Province upholds appeal against decision denying flood repair funding for Red Barn.

Being a squeaky wheel may soon pay off for Carla Krens and the Eagle Valley Arts Council, who have been trying to secure disaster financial assistance for flood damaged caused to the Red Barn Art Centre.

Last week, Krens and the arts council received a lengthy letter from Rebecca Denlinger, the province’s fire and emergency management commissioner and Provincial Emergency Program director, explaining why they are now considered eligible to receive disaster financial assistance.

Denlinger’s letter is in response to an appeal by the arts council, which had applied for, and was subsequently denied, financial aid through Emergency Management BC’s Disaster Financial Assistance (DFA) program. The funding was sought to help with the cost of repairing damage caused by this summer’s flooding.

According to an Aug. 17 letter from Emergency Management BC, the arts council was denied funding on the grounds that it doesn’t qualify as a “charitable,” volunteer organization.

“My dispute is with the fact that since we have income of any kind through the rental of the Red Barn, we’re disqualified,” Krens, the arts council’s treasurer, explained to the News. “I don’t see why income equates to non-charitable, because the Red Cross is definitely a charitable organization and they raise funds.

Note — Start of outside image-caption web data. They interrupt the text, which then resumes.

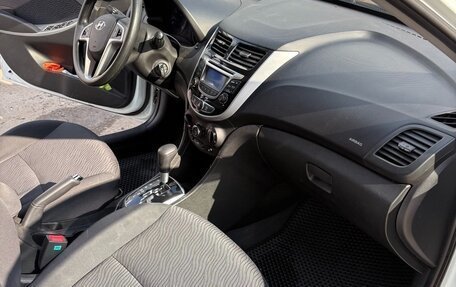 Hyundai Solaris II рестайлинг, 2013 год, 840 000 рублей, 14 фотография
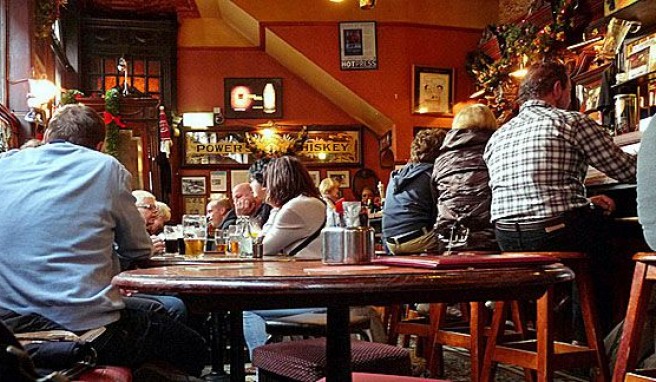 Dublins gemütliche Seite bei einem Abend im Pub genießen, Irland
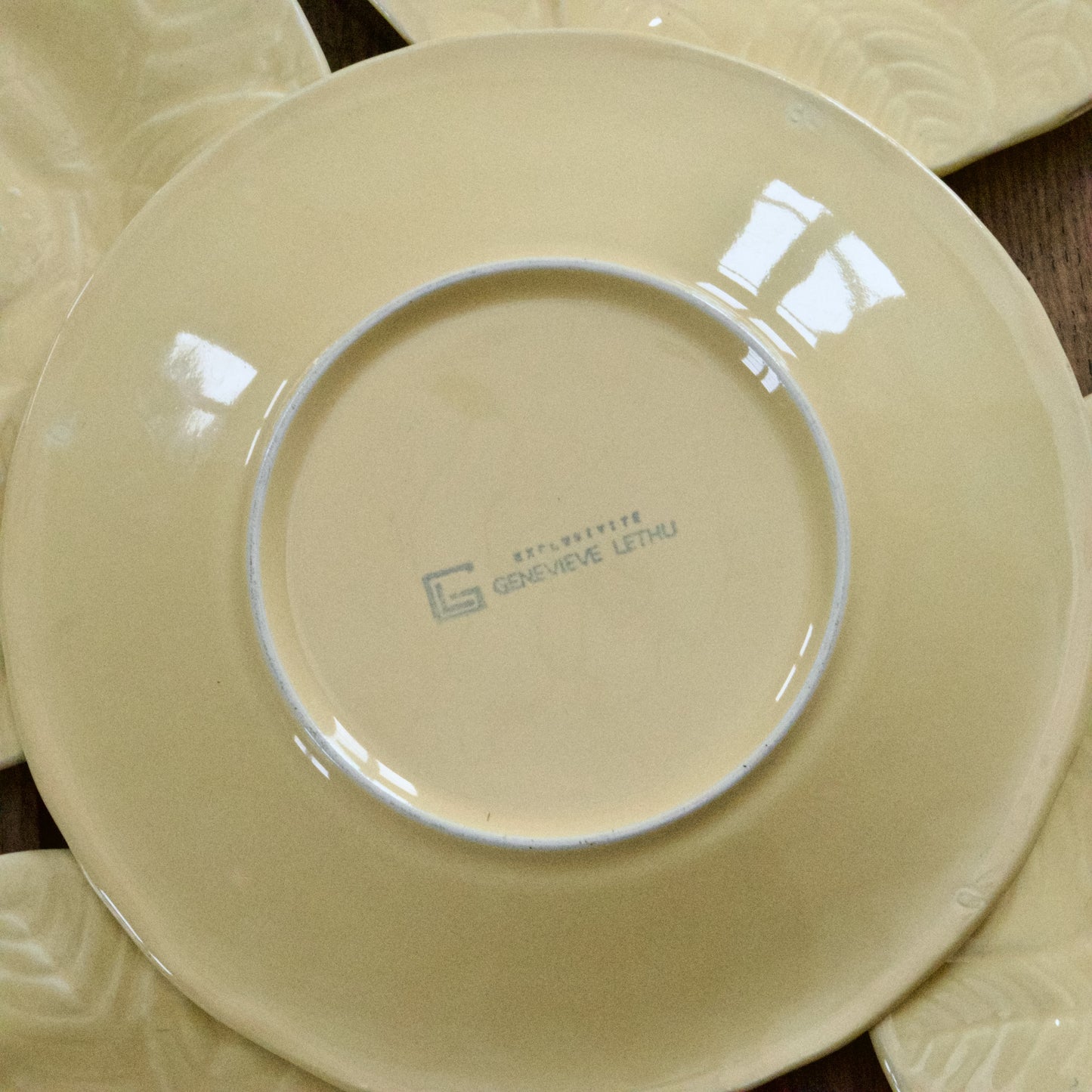 6 assiettes en barbotine fraises jaunes signées Genevieve Lethu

And we raise funds through rental, so I don’t see the reason for us being disqualified.”

Krens raised the point that the regulation upon which Emergency Management BC based their decision fails to define charitable, and that its wording is ambiguous.

Denlinger concurs in her letter that a definition of ‘charitable’ is not given, and that “it is therefore hard to interpret what organization qualifies or not.” She goes on to explain that most DFA applicants that do qualify as charitable, are registered as charitable organizations under the Income Tax Act. Because the arts council is not a registered charity, Denlinger then referred to Canada Revenue Agency (CRA) policy and guidelines to determine if the arts council qualifies. Ultimately, she decided in favour of the arts council’s appeal.

“Based on the CRA criteria for charitable organizations and the information you provide about the Eagle Valley Arts Council, I am satisfied that your organization is a charitable organization and am therefore overturning the original determination and direct that you be considered to be eligible to receive disaster financial assistance,” writes Denlinger.

Along with submitting the appeal, Krens was able to secure letters of support from both the District of Sicamous and Shuswap MLA George Abbott, whose letter went directly to BC Justice Minister and Attorney General Shirley Bond.

“I know the Eagle Valley Arts Council of Sicamous very well as it has been in operation for 32 years. I can attest to it being a “charitable” and “not-for- profit” organization,” writes Abbott. “Their members work very hard to keep their programs going, programs that benefit the old, the young and the broader community. It is an excellent organization that greatly enriches the community.”

Krens is grateful to both the district and Abbott. Though she is a little disappointed things have had to go as far as they have as a result of what she feels was a hasty decision on the part of Emergency Management BC.

“They come to this conclusion now, why wouldn’t have they come to that conclusion then if they had looked at it in more depth?” says Krens.

There is still, however, some paperwork required for the arts council. Denlinger asks that they provide a letter from their insurance company confirming that flood insurance was not available for the Red Barn. Krens says she has confirmation that the lowest available flood deductible is $10,000, and that the arts council’s policy will not cover that.

“But I have to go back and see if that’s acceptable or not, but I’m pretty sure it will be,” says Krens.